Thursday, January 25, 2018

Studying how genetic differences contribute to addiction

Psychology professor Rohan Palmer has earned a $2.4 million grant to examine why some people become addicted to alcohol or drugs, while others don't. Emory Photo/Video

By April Hunt
Emory Report

Rohan Palmer, an assistant professor of psychology in Emory College, started on the path to becoming a researcher as an undergraduate, when he worked in a lab studying whether female mice could overcome their anxiety to leave the safety of the nest to retrieve babies that he and other researchers had moved away.

Intriguingly, the work showed that some strains of mice performed very differently than others in overcoming their emotions to perform their motherly duties. Moreover, females exposed to more testosterone in the uterus performed worst at this and other maternal tasks.

“It was understanding behavior at its core,” says Palmer, now an expert in the field of behavioral genetics. “What helps us understand what makes us individuals better than looking at the environment and the biology?”
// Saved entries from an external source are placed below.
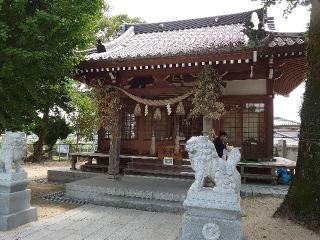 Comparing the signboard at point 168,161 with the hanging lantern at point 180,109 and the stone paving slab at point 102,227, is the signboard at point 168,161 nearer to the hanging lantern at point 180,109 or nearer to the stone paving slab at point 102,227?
the hanging lantern at point 180,109

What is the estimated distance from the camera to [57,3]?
8.71 m

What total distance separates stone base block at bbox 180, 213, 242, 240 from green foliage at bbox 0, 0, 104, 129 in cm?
536

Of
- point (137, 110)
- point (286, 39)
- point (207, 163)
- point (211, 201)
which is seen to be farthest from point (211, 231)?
point (137, 110)

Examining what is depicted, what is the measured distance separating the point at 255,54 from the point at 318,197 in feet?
13.5

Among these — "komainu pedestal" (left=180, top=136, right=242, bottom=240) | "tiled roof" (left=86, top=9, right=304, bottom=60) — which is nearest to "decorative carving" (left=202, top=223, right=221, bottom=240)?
"komainu pedestal" (left=180, top=136, right=242, bottom=240)

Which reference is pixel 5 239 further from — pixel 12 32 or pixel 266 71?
pixel 266 71

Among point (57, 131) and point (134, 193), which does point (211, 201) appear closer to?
point (134, 193)

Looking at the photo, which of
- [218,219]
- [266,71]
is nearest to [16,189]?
[218,219]

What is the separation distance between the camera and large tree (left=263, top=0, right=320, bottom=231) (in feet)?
22.5

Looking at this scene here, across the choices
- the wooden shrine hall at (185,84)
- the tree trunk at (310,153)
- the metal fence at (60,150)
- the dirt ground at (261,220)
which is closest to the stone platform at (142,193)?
the dirt ground at (261,220)

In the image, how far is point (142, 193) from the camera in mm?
9328

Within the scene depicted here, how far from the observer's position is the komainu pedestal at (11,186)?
22.4 feet

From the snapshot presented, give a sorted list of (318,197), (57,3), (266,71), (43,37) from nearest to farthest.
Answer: (318,197)
(43,37)
(57,3)
(266,71)


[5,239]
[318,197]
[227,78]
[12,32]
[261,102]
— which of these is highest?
[12,32] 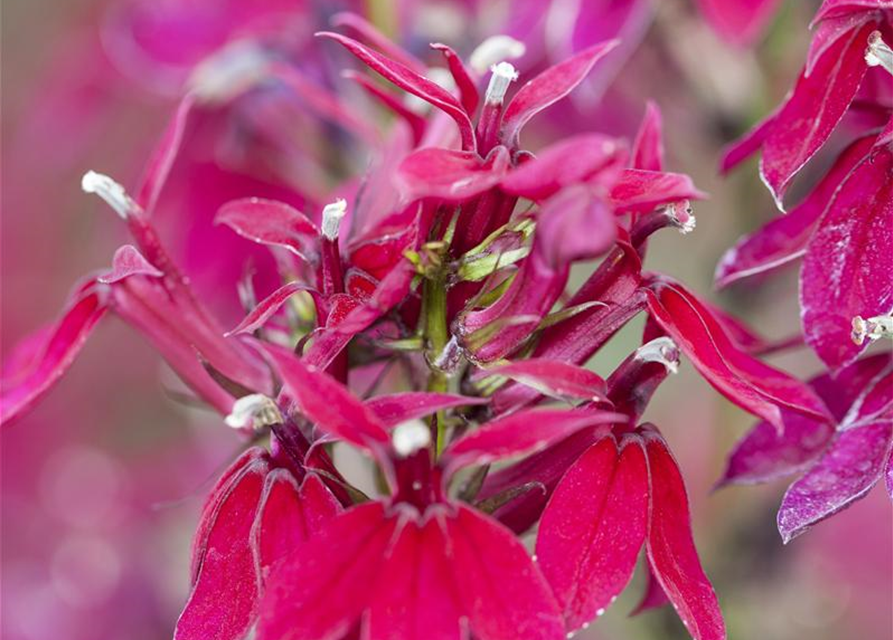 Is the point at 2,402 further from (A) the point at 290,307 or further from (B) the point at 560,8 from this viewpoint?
(B) the point at 560,8

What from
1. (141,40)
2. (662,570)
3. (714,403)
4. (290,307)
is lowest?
(714,403)

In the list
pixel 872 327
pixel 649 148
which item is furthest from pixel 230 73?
pixel 872 327

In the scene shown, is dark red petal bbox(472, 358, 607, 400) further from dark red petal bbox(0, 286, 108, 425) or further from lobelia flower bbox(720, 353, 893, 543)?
dark red petal bbox(0, 286, 108, 425)

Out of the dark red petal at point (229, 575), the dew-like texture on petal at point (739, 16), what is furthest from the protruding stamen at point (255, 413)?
the dew-like texture on petal at point (739, 16)

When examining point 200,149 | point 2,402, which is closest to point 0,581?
point 200,149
Palmer now runs his own behavioral genetics lab at Emory that turns that question to one of today’s most pressing issues: What makes some people addicted to drugs or alcohol, and not others?
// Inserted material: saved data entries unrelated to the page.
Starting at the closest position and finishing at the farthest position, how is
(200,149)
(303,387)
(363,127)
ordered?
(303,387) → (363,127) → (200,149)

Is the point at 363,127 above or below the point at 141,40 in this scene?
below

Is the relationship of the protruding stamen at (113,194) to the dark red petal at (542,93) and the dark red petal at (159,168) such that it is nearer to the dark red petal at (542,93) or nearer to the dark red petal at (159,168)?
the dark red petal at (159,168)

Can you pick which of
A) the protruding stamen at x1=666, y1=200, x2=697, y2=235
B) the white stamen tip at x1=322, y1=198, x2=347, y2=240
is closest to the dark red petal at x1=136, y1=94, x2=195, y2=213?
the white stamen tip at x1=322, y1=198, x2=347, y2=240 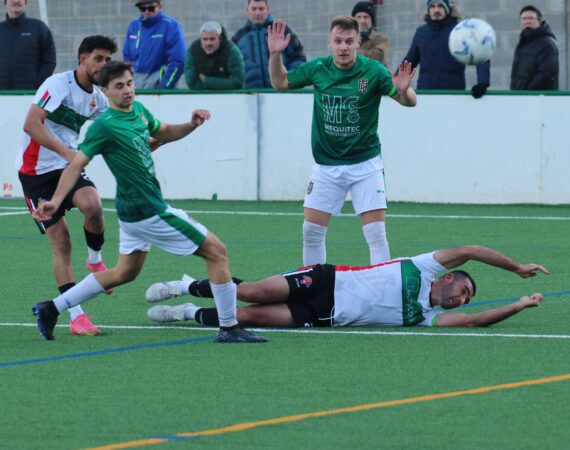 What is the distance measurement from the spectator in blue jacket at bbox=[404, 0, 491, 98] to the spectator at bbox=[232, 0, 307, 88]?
146 cm

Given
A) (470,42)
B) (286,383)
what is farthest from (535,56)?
(286,383)

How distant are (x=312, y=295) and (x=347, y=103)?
6.00 feet

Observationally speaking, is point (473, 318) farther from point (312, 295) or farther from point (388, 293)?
point (312, 295)

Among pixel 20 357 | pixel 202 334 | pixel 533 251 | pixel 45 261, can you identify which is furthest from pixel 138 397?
pixel 533 251

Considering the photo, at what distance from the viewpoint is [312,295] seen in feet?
33.0

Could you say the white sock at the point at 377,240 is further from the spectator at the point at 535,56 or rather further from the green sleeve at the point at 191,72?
the green sleeve at the point at 191,72

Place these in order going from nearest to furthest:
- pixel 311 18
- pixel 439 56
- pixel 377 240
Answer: pixel 377 240 < pixel 439 56 < pixel 311 18

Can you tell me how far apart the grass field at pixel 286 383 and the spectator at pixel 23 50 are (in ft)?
25.5

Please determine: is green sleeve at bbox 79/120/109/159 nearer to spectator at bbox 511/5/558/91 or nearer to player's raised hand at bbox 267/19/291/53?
player's raised hand at bbox 267/19/291/53

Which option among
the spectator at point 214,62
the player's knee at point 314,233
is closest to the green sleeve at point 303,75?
the player's knee at point 314,233

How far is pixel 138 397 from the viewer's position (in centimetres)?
768

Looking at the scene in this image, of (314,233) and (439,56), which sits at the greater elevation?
(439,56)

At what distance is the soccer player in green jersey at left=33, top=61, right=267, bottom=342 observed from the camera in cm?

His highly innovative approach, to find and characterize the layer of biology that combines with factors such as environment to find an answer, has earned him a 2017 Avenir Award for Genetics or Epigenetics of Substance Abuse Disorders (DP1) from the National Institutes of Health Director’s Pioneer Award program.

The five-year, $2.34 million award is among a handful of grants given to recognize “highly creative” scientists from the nation’s top universities and to encourage high-impact approaches to the broad area of biomedical and behavioral science.

“This is a special award, more so because very few beginning investigators receive this honor,” says Ronald Calabrese, the College’s senior associate dean for research.